# [RECORDS FOR THE EXERCISE]
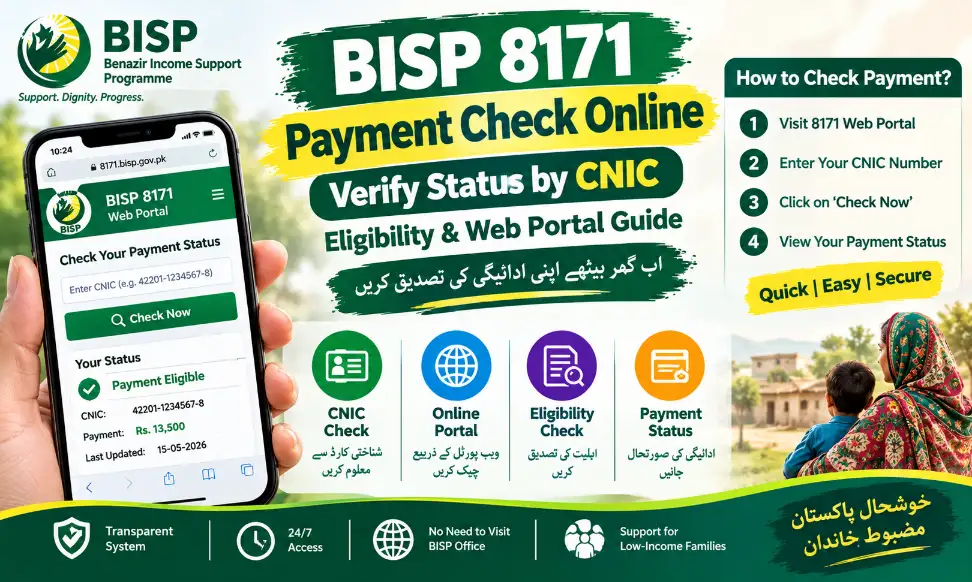 BISP 8171 Payment Check Online 2026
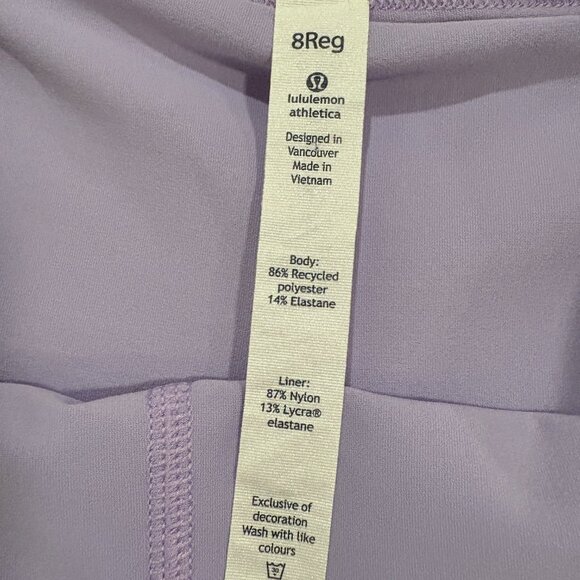 Lululemon Purple Pace Rival Skirt II Skort Running Activewear - Picture 7 of 7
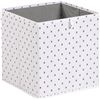 Image 2 : Amazon Basics Collapsible Fabric Storage Cube Organizer Bins - Pack of 6, White/Black Xs, 13x15x13" 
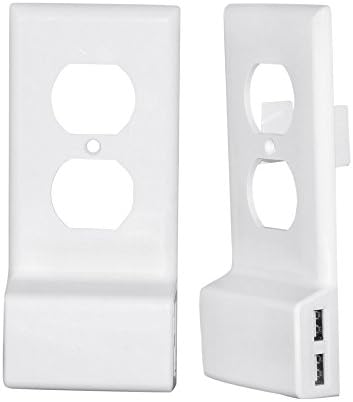 USB Charger Wall Plate by Soaring Phoenix | Snap-On Electrical Outlet Cover Replacement with Dual USB Quick Charging Ports for Cellphones, Tablets, Game Controllers and Bluetooth – (Duplex, White)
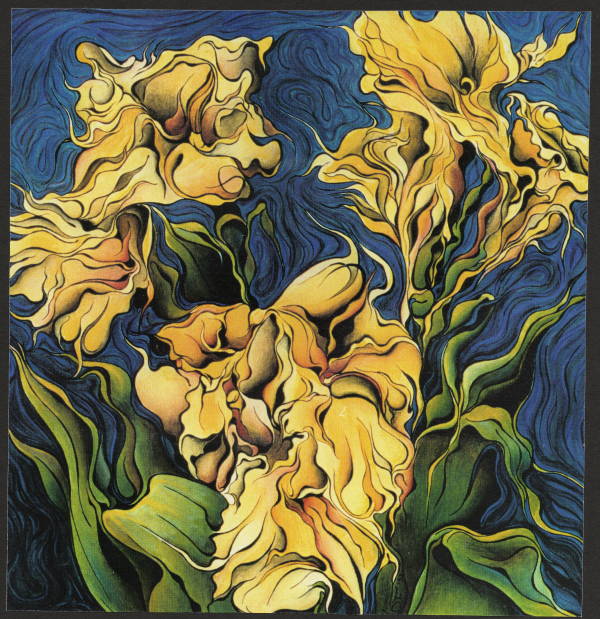 Full Yellow Flowers by Amy Ferrari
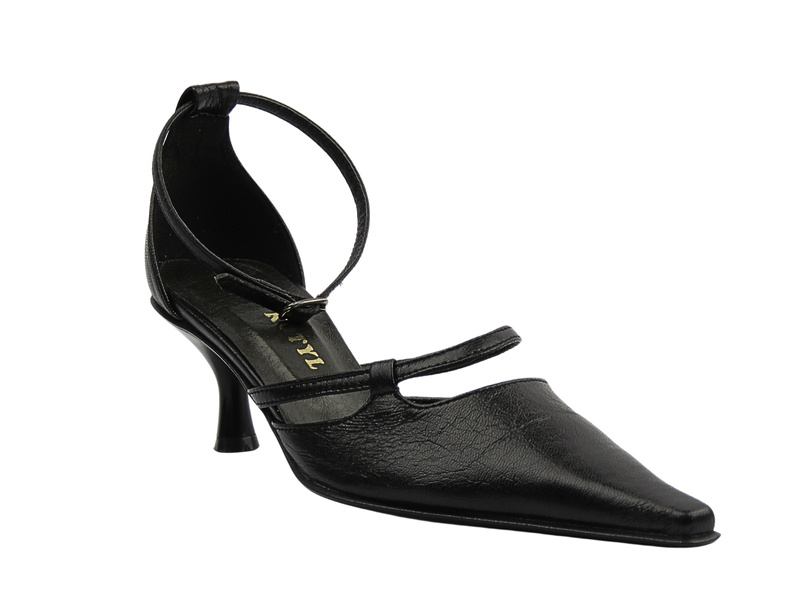 Černé lodičky na jehlovém podpatku KOTYL 205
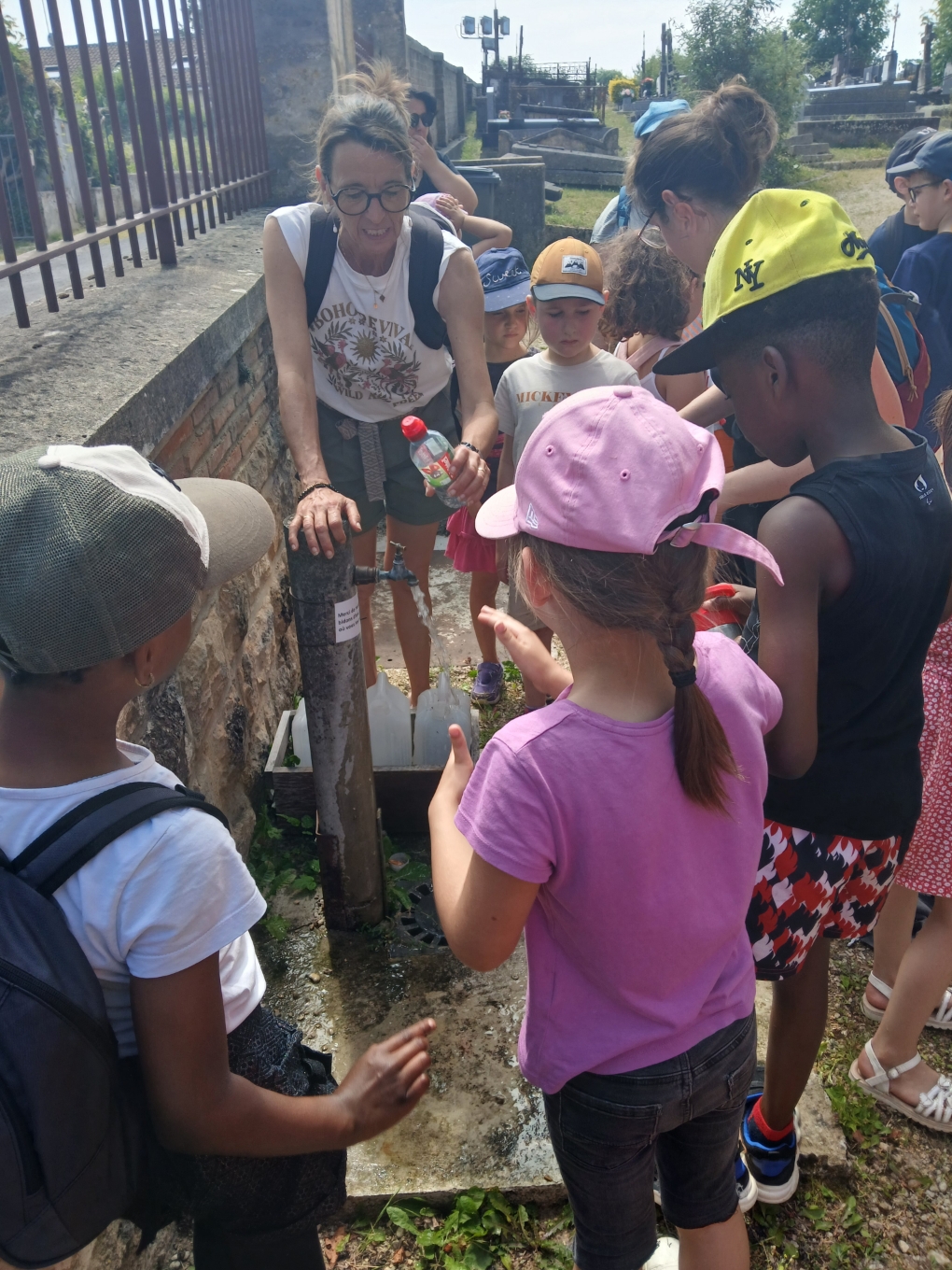 avant de repartir, provision d'eau il fait chaud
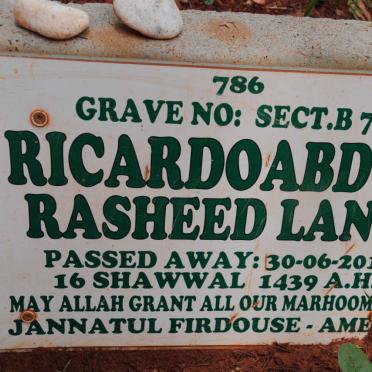 LANG Ricardo Abdul Rasheed -2018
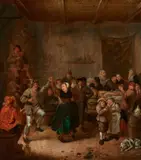 Jan Miense Molenaer, Peasant Wedding, Oil on panel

# [HOW TO COMPLETE THIS TASK]
Please output only the lines running from the one that holds "LANG Ricardo Abdul Rasheed -2018" through the last line of the entries, both ends included, without any images.

# [SOLVED PROBLEM]
 LANG Ricardo Abdul Rasheed -2018
 Jan Miense Molenaer, Peasant Wedding, Oil on panel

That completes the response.